▶ **Assignment**
Output the data exactly, with every line intact.

Extracted information START

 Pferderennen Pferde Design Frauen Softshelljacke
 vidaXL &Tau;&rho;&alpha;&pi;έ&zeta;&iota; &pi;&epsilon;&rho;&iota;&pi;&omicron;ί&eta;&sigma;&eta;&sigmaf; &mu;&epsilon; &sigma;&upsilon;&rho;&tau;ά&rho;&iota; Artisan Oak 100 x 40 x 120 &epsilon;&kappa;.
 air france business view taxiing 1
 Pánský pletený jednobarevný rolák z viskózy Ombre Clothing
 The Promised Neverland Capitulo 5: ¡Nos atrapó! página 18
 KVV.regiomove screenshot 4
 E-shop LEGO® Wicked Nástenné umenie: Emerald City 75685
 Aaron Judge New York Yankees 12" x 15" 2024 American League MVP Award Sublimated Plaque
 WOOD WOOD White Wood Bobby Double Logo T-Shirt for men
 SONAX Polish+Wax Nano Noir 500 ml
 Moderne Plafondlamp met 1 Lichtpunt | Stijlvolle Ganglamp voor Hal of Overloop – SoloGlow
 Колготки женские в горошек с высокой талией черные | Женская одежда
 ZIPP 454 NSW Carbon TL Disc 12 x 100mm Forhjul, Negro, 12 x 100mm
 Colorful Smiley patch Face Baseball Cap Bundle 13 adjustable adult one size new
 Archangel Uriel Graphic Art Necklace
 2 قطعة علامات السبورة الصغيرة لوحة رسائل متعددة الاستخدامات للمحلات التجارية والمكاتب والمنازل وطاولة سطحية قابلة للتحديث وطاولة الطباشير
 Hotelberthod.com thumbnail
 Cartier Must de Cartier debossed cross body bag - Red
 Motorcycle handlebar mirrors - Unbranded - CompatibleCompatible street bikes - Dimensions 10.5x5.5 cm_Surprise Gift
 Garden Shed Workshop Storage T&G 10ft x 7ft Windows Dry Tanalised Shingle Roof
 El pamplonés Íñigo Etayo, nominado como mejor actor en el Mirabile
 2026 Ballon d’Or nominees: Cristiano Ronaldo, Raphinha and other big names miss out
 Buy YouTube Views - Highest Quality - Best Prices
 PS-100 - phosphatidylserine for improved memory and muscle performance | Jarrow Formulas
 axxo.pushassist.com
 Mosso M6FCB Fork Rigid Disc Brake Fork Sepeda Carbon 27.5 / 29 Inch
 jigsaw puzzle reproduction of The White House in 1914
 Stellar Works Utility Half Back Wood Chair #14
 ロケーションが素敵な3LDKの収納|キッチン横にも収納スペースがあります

Extracted information END

▶ **Solution**
 Pferderennen Pferde Design Frauen Softshelljacke
 vidaXL &Tau;&rho;&alpha;&pi;έ&zeta;&iota; &pi;&epsilon;&rho;&iota;&pi;&omicron;ί&eta;&sigma;&eta;&sigmaf; &mu;&epsilon; &sigma;&upsilon;&rho;&tau;ά&rho;&iota; Artisan Oak 100 x 40 x 120 &epsilon;&kappa;.
 air france business view taxiing 1
 Pánský pletený jednobarevný rolák z viskózy Ombre Clothing
 The Promised Neverland Capitulo 5: ¡Nos atrapó! página 18
 KVV.regiomove screenshot 4
 E-shop LEGO® Wicked Nástenné umenie: Emerald City 75685
 Aaron Judge New York Yankees 12" x 15" 2024 American League MVP Award Sublimated Plaque
 WOOD WOOD White Wood Bobby Double Logo T-Shirt for men
 SONAX Polish+Wax Nano Noir 500 ml
 Moderne Plafondlamp met 1 Lichtpunt | Stijlvolle Ganglamp voor Hal of Overloop – SoloGlow
 Колготки женские в горошек с высокой талией черные | Женская одежда
 ZIPP 454 NSW Carbon TL Disc 12 x 100mm Forhjul, Negro, 12 x 100mm
 Colorful Smiley patch Face Baseball Cap Bundle 13 adjustable adult one size new
 Archangel Uriel Graphic Art Necklace
 2 قطعة علامات السبورة الصغيرة لوحة رسائل متعددة الاستخدامات للمحلات التجارية والمكاتب والمنازل وطاولة سطحية قابلة للتحديث وطاولة الطباشير
 Hotelberthod.com thumbnail
 Cartier Must de Cartier debossed cross body bag - Red
 Motorcycle handlebar mirrors - Unbranded - CompatibleCompatible street bikes - Dimensions 10.5x5.5 cm_Surprise Gift
 Garden Shed Workshop Storage T&G 10ft x 7ft Windows Dry Tanalised Shingle Roof
 El pamplonés Íñigo Etayo, nominado como mejor actor en el Mirabile
 2026 Ballon d’Or nominees: Cristiano Ronaldo, Raphinha and other big names miss out
 Buy YouTube Views - Highest Quality - Best Prices
 PS-100 - phosphatidylserine for improved memory and muscle performance | Jarrow Formulas
 axxo.pushassist.com
 Mosso M6FCB Fork Rigid Disc Brake Fork Sepeda Carbon 27.5 / 29 Inch
 jigsaw puzzle reproduction of The White House in 1914
 Stellar Works Utility Half Back Wood Chair #14
 ロケーションが素敵な3LDKの収納|キッチン横にも収納スペースがあります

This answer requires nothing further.